Many years ago there was a trick we used, often to fix issues with Outlook connecting to a server. We wouldn’t do this over the phone; rather we would send someone to the desk of the person to complete this task. Simply put it was deleted the OST file of Outlook, or what is sometimes called the Offline Store.
The reason I am sharing this has to do with the noise around troubleshooting outlook. Recently (starting yesterday) my Outlook on my home computer stopped working. I would load it; it would connect to my mailboxes and then it would crash. I wandered out to Google and read what was recommended (including, by the way, two different posts from Microsoft) almost all the posts recommended reinstalling office, so I did. Then I shut down for a Sunday and headed off to other things.
Needless to say, it didn’t work, reloading office. So I went back and tried the old fashioned approach that worked all those years ago, deleting the OST.
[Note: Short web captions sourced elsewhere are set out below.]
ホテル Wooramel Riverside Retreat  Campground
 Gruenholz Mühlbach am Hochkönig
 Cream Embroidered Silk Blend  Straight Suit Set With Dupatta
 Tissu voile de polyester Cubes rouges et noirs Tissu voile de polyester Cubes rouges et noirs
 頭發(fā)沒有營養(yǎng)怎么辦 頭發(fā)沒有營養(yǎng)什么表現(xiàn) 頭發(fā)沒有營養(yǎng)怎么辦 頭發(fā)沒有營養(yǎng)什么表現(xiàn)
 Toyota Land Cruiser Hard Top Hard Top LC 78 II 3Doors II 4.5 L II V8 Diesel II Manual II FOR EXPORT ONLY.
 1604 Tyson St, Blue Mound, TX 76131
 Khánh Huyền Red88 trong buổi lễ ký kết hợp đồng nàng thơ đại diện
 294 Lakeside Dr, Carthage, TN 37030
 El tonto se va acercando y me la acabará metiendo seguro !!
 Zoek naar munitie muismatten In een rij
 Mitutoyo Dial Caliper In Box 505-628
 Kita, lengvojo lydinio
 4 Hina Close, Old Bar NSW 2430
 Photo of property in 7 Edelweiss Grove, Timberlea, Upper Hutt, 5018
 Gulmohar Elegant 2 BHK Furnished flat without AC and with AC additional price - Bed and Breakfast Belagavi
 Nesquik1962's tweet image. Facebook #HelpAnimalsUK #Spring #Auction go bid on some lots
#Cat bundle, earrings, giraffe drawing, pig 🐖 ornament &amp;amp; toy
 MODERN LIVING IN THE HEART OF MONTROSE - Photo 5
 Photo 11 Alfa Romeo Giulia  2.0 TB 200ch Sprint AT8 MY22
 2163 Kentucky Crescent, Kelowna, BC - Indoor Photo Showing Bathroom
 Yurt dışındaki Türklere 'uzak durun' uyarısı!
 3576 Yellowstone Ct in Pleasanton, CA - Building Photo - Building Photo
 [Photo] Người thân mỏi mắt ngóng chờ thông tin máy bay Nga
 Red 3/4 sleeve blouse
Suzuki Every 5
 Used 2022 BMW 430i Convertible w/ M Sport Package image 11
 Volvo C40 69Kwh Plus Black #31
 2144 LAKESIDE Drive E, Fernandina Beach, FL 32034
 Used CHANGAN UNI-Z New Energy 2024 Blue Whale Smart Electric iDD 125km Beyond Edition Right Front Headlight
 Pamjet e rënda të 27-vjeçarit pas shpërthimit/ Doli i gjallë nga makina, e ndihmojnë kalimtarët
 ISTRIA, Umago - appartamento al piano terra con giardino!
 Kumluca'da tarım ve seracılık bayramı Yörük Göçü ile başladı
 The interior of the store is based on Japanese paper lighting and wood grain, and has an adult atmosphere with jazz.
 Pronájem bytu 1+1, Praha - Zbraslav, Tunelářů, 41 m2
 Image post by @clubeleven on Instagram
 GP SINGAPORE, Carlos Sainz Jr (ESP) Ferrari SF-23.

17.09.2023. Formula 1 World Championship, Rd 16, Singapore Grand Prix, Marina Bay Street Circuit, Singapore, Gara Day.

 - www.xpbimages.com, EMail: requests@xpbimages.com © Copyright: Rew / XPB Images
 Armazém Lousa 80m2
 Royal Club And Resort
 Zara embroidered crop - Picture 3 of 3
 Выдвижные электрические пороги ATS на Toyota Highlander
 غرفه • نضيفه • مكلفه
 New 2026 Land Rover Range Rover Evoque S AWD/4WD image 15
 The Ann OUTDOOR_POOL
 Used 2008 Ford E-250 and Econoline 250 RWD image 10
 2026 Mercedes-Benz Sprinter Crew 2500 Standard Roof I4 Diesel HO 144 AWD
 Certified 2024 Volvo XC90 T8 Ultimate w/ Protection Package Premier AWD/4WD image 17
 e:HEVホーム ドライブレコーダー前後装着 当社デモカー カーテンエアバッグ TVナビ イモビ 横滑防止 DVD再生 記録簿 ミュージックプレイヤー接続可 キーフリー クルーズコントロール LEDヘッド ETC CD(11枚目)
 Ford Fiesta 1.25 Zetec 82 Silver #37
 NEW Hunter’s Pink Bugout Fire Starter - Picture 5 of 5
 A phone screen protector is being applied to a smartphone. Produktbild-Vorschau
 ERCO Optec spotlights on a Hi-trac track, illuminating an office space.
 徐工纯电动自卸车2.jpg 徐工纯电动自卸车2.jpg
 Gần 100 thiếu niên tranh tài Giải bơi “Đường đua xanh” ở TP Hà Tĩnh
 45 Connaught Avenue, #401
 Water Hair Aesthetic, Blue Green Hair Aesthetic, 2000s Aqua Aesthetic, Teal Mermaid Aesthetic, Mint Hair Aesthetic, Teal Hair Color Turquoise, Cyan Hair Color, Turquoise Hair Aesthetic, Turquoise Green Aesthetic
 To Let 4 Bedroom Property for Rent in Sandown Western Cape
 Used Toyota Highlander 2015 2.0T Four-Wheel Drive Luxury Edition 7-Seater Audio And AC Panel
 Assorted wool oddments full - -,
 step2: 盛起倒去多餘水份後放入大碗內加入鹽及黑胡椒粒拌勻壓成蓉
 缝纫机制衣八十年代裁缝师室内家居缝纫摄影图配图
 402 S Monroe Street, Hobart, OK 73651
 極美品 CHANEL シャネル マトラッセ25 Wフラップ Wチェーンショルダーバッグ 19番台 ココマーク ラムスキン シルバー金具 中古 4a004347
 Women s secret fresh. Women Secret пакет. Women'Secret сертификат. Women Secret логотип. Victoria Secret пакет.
Never delete your PST, you can’t get that back. But the OST is a local copy of information that is stored on the server. Deleting it will create a little more download traffic on your PC, but you won’t lose any information or settings. Depending on the size of your inboxes, it can add some time to restarting outlook when you delete your OST file. For me, the deletion and recreation of the OST file this morning took a little over an hour. Your milesage may vary!
It fixes the problem I had the right way.
Technical support, when a legitimate group is trying to provide technical support, is hard. Don’t give up, just make sure you keep plugging away at the problem!
Over the years I have created rules for email that make my inbox smaller. It means I can get through the personal emails I get in a lot less time. When Outlook crashes, it costs me time, both sorting mail on another computer or tablet, but also in trying to fix the problems! That is why I still follow the 30-minute rule. If I cannot fix a computer system in less than 30 minutes, I look online for ideas.